|Water Supply: Water Supply, Wastewater, Irrigation - Initial Environmental Assessment Series No. 7 (NORAD, 1994)|
|Part II: Documentation requirements for initial environmental assessment|
As a basis for initial assessment, a description of the project must be available. In most cases it will be relevant to present several alternative technical solutions and localities. Activities in the construction phase as well as the operational phase of the project must be included.
This description will to a certain extent be based on the regular technical and economic description of the project, possibly after consultations with project planners or other relevant institutions in the country in question. The following questions aim to elicit information that is relevant with regard to environmental impacts. Relatively detailed information may be required concerning production processes, use of inputs, localisation etc.. The information resulting from the initial assessment can be included in the project document being presented for approval. In the case of more comprehensive projects, the information can be collected in an appendix to this document. The following specifies what is considered as essential background information for an initial environmental assessment:
a. The need for the project.

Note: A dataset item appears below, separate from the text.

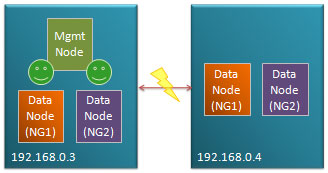 Fig 4. Management node co-located with data nodes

Give a brief description of how the need for the project has emerged. What are the purposes of the project? Who are the target group(s) among the population? Is the project focusing one or more parts of a more extensive system within water supply, drainage or irrigation? Will the project entail new construction or upgrading of existing facilities? Are activities within other sectors, such as industry, tourism etc., expected as a result of the project?
b. Alternatives considered. Give a brief presentation of localisation alternatives, including technical alternatives that have been discussed with regard to the project. If possible, give a brief description of any differences in infrastructure requirements etc.. The 0-alternative, that is the impacts of not implementing the project, may also be relevant to consider.
c. Description of the project and potential main alternatives. Give a relatively comprehensive description of the alternative(s) that are viewed as relevant. This description should include e.g. choice of technology, localisation of any facilities with relevant map references, transport needs, labour requirements and impacts on existing or planned activities in the area. This information should cover both the constructional and the operational phases.
d. Conditions for project implementation. Give an account of the public and private physical initiatives (infrastructure, etc.) and any other external prerequisites that are necessary for the implementation of the project e.g. participation of the local population, local institutional and administrative conditions, including their environmental competence.
Give a brief description of the natural and man-made environment in which the project is to be located. This information should normally be included in the given project documents, but may also have to be supplemented through collection of information and consultations with relevant institutions, professional units, local populations, or short surveys in the project area.
Where appropriate the information should also be presented in thematical maps or illustrations. Sources as well as the reliability of the presented information should be indicated briefly. The description should contain an account of:
Natural environmental conditions:
· Geology and soil conditions.
· Hydrological and hydro-geological conditions.
· Vegetation and fauna, with emphasis on: particularly vulnerable ecosystems and vulnerable and conservation-worthy animal and plant species.
· Unique and conservation-worthy natural landscapes.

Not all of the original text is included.